Obama is a careful bargainer and has a consequence been a very successful presidential candidate thus far. He has been called a “transforming” black candidate who, though conspicuously black, can sails deftly through the seas of the white community. Obama is a talented speaker who has excited the public with the promise of “change”

Early in the Democratic primary season, Senator Hillary Clinton still did very well among black voters. Obama was the candidate of liberal upscale whites, the people whose nagging guilts he assuaged. Now, that he has an opportunity to actually win, Obama has also excited the black community’s pride. In primaries now, he regularly wins an overwhelming majority of the blacks voters n the primaries.

Steele argues that the dilemma for conspicuous blacks is that neither the “bargaining” nor the “challenging” can be completely authentic. They are both “masks” worn by a minority in a majority society as a way of coping.  Masks hide the more difficult tasks for blacks to understand their own minds, and to treat whites as other individuals as blacks ask to be treated. If this mask worn by Obama is shed away there is the possibility that the comfort some whites have for him will atrophy.

This is the grave danger for Obama posed by the issue of the incendiary statements made by Obama’s Paster Jeremiah Wright. It is hard for Obama to appear to be a transformative uniter who brings together blacks, whites, and other minorities when his “spiritual adviser” is a race-bating bigot who urges God to “damn America.” Obama is stuck. He can repudiate Wright’s remarks, but he refuses to “disaown” himself of Wright. They are too close. Obama chose Wright to marry him and his wife and to baptize his two girls.

There is nothing in his demeanor, statements, or past that suggests that Obama subscribes to the extreme positions of his pastor. Yet he continued to maintain an intimate association over two decades. Perhaps he just joined this church to gain some “street cred” to help future political prospects in Chicago. Perhaps, Obama felt some tender loyalty to the person led him to Christ, and when it turned out that Wright had some ugly opinions, Obama felt uncomfortable it confronting Wright directly. This is understandable, but not exactly a profile in courage. Perhaps, while not subscribing to the anti-American rants of his minister, he harbors some lingering sympathy for black liberation theology his church. It is impossible to make this assessment from a distance.

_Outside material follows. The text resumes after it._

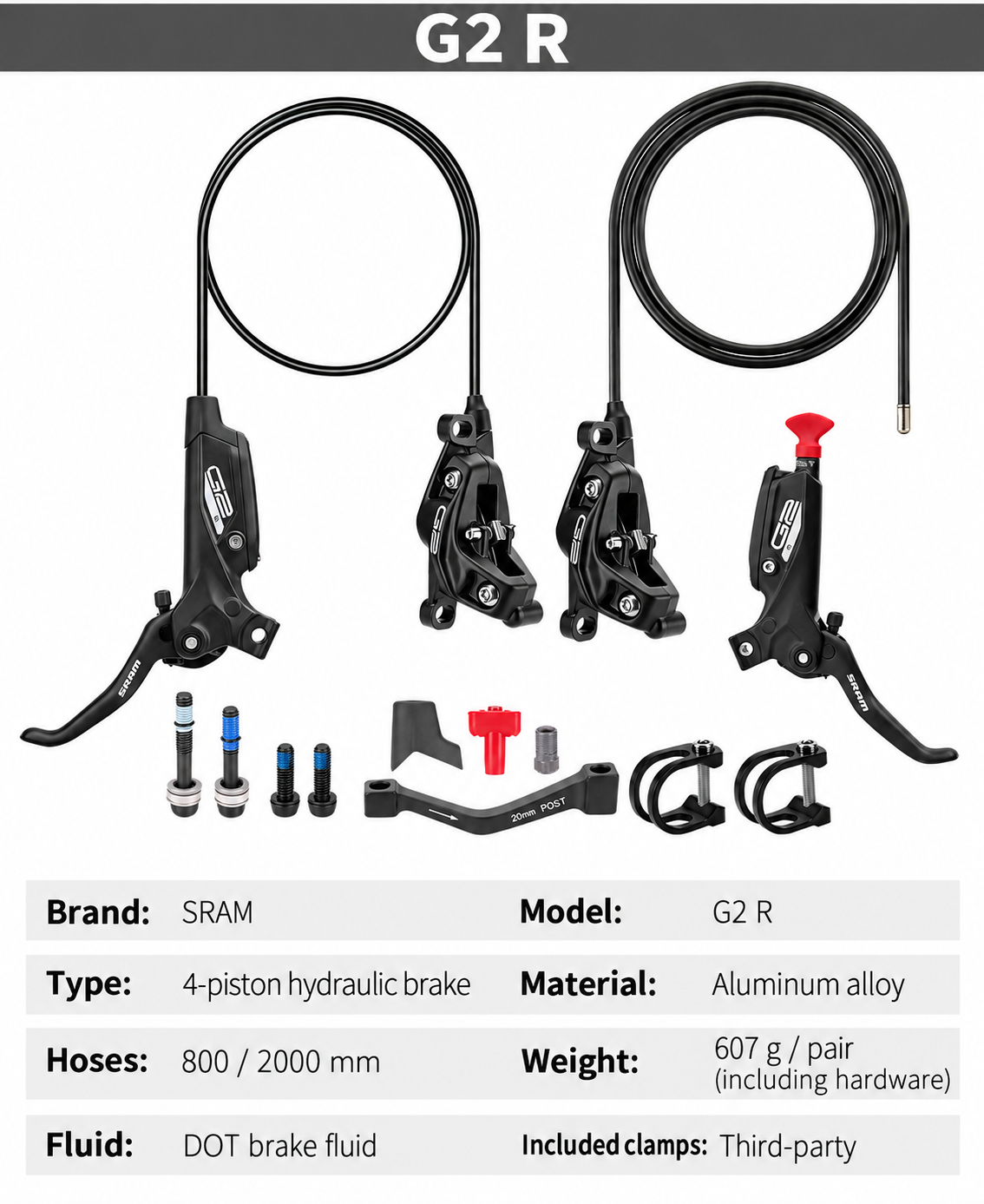 SRAM DB8 / G2 R / G2 RE 4-Piston Hydraulic Disc Brake Pair, Model and Hose Options - detail 8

Obama faces two choices: He can distance himself even more from Wright reducing his credibility in the black community, or keep Wright modest proximity and run the danger of becoming the “black” candidate as opposed to the uniter. It is very possible that Obama will be able to rhetorically threat this needle and be spared facing the dilemma. He is nothing if not intellectually and verbally talented and agile. If he can’t manage to resolve this problem, we run the risk that either the Democratic National Convention or the general election or both will become thought of as a“black” versus “white” contest.  And if Obama looses with a racially polarized vote, the 2008 election cycle may prove culturally divisive.